OK, how quickly does the droplet fall?
The speed of light?
The speed of gravity?
Some other speed?

(BTW, I do know something about how suspended particles (including droplets) behave, and how long they remain suspended in the air)....

There was a demo on the TV tonight C4 - speed up to 50mph, that must be some cough so read fast. Distance can be over 3m, some university reckoned 6 max, probably a 50mph one. Also a video, drops and aerosol - that mostly went further than the drops. a dry cough wont contain much in the line of drops.

My recollection of trajectory for this sort of thing - sort of parabolic due to speed, more or less straight line dropping with increasing curvature as they slow down due air resistance. One from years ago, sneezes something over 3m if I remember correctly. It was shown in a bus and covered several row of seats and was about flu transmission. This is why people should as least part block coughs and sneezes with their hand what ever is kicking around making people ill.
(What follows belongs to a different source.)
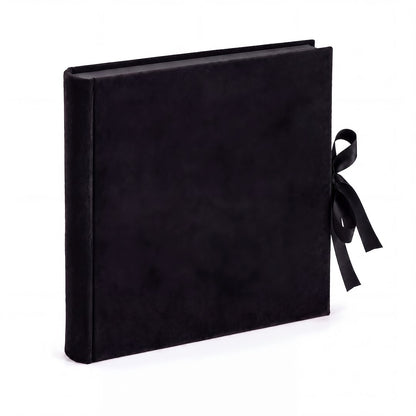 Album tradycyjny VELVET 29×32 cm czarny z welurowym pudełkiem GEDEON – album w ujęciu 3/4 od strony grzbietu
Rest of the program was usual rubbish showing how easy it is to leave bacteria behind when we touch something. We live with them and they are always around and lots do us no harm at all.
 
Then "half-life" is not the correct way to describe it - otherwise some of them, or their potency, would.
Half life is the observed rate of decay.
The video mentions spread by aerosol, but Corona spreads via droplets.
Yes there has been some rebuttal of the applicability of the experiment based on the use of a medical nebuliser to simulate a sneeze/cough.
 
Right chaps..

Let me try one more time to explain this half-life thingerme.

- Its decay to zero is not proportionate to the quantity you first started with.
- It is a method to find a model to predict the "survival" rate of the virus over time.

Imagine I paint 20 pieces of wood with varying thicknesses of paint. After 1 hour 1/4 were dried after 2 hours, half had dried.. 4 hours all were dry. So the half life of my wet paint based on random thicknesses of paint is 2 hours. Now imagine I repeat for 200 pieces of wood and 20,000 pieces of wood. Each piece of wood is exposed to the same random thickness of paint and will dry at the same rate according to the random circumstances it was painted and set out to dry. With my sample of 20,000, I will not have pieces of wood still drying 10 hours later, providing that my original sample of 20 was statistically relevant.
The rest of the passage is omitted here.